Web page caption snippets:
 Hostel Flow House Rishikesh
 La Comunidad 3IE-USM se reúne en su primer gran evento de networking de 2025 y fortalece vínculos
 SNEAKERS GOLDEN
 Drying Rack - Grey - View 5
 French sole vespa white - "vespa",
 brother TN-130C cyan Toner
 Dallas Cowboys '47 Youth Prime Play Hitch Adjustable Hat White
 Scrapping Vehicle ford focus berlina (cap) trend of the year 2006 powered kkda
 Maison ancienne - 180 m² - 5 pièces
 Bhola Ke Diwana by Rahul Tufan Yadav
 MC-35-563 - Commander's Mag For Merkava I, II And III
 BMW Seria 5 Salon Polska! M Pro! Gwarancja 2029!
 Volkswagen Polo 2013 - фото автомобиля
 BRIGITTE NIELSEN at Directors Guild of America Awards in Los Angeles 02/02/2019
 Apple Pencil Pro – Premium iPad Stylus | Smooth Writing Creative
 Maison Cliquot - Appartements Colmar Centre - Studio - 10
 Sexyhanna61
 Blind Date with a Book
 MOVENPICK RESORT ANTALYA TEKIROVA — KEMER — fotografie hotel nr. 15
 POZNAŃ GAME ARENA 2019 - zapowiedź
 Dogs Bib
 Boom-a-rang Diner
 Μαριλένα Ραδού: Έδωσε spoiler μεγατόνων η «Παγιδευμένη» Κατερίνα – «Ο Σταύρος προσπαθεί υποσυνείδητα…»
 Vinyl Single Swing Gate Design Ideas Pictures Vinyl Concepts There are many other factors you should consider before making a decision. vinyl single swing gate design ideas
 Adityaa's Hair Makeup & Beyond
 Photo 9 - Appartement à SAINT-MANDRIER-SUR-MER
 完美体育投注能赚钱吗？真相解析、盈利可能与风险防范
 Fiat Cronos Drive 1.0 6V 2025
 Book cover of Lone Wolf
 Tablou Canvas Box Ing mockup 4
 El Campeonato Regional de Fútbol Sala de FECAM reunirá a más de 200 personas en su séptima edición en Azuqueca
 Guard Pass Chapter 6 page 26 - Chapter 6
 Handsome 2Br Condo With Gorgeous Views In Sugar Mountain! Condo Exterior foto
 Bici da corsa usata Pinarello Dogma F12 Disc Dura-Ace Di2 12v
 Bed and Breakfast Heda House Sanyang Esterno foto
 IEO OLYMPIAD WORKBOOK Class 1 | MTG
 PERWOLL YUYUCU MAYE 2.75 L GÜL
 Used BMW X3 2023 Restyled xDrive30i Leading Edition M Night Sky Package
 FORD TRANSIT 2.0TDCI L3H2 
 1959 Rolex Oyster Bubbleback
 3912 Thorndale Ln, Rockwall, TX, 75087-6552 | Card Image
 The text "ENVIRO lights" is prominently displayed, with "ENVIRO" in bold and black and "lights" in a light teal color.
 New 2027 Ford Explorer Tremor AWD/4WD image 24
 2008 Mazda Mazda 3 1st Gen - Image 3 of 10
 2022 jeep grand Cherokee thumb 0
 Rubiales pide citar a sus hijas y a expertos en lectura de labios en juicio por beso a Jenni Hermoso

- Problem description
Please filter the entries above down to the lines holding "House" and copy them.

- Expected answer
 Hostel Flow House Rishikesh
 Bed and Breakfast Heda House Sanyang Esterno foto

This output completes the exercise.